Black Bean Mexican Lasagna


Now that Thanksgiving is over, it’s time to think about something other than food. Just kidding. We love food! But we are looking for something different than turkey, like this amazing Black Bean Mexican Lasagna. Not only is it easy to make, but it tastes absolutely incredible. This is an outstanding recipe for a shower, especially one with a fiesta theme.

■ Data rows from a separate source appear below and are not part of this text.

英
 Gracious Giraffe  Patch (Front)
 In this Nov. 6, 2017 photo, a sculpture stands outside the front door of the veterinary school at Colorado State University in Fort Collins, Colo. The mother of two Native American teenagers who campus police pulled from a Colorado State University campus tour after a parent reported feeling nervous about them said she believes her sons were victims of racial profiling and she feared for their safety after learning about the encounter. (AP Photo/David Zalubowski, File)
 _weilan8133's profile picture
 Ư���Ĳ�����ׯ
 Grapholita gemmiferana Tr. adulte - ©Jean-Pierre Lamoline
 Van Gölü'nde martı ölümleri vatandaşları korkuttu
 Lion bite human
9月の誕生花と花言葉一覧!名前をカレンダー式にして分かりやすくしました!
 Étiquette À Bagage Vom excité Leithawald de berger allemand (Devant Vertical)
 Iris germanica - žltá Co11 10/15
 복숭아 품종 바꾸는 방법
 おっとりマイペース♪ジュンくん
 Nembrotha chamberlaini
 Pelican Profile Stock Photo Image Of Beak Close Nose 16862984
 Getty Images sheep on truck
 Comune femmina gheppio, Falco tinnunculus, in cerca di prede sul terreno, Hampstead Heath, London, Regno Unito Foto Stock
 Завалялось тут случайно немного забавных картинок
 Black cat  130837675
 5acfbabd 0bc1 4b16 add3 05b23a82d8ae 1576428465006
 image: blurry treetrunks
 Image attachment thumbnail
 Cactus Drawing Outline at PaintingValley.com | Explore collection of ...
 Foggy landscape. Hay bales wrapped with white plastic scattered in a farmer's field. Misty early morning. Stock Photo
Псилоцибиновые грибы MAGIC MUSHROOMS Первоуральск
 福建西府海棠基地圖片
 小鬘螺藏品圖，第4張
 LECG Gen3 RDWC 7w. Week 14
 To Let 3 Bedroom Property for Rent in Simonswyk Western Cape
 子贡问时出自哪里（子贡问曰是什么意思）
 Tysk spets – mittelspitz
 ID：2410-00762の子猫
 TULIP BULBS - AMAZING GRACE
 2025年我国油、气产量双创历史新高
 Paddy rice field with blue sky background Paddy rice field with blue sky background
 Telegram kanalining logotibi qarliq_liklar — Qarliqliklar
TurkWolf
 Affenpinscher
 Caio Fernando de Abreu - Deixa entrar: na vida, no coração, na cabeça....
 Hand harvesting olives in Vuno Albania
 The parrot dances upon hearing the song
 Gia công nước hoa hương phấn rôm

Black Bean Mexican Lasagna

Ingredients: No-boil lasagna noodles; 1 large onion ,chopped; 3 garlic cloves, minced; 1 tsp extra virgin olive oil; 2 cans black beans, rinsed and drained; 1 can diced tomatoes (undrained); ½ can tomato sauce; ¼ cup chopped fresh cilantro; ½ cup water; 1 carton reduced fat ricotta cheese; ½ cup Parmesan cheese; ¼ cup minced parsley; 2 cups shredded Mexican cheese blend; 1 lb lean ground beef; 1 Packet taco seasoning

Directions: To start, brown the beef with the taco seasoning, drain. Over medium heat cook in large pan onion and garlic in the oil until tender. Add the beans, tomatoes, tomato sauce, and cilantro. Simmer for 5- 10 minutes until bubbly. Combine with beef and set aside. In another small bowl combine water, ricotta cheese, parmesan and parsley. In a 13×9 baking dish (spray with Pam first), spread about ¾ cup of bean sauce across the bottom of the pan. Layer with three noodles. Top noodles with cheese mixture. Spread another layer of the bean dip over cheese mixture and continue to layer, leaving the sauce on the top. Then, sprinkle Mexican cheese over the top. Cover and bake at 350 for 30-35 minutes. Uncover and bake for an additional 10-15 minutes. Let stand for about ten minutes before serving.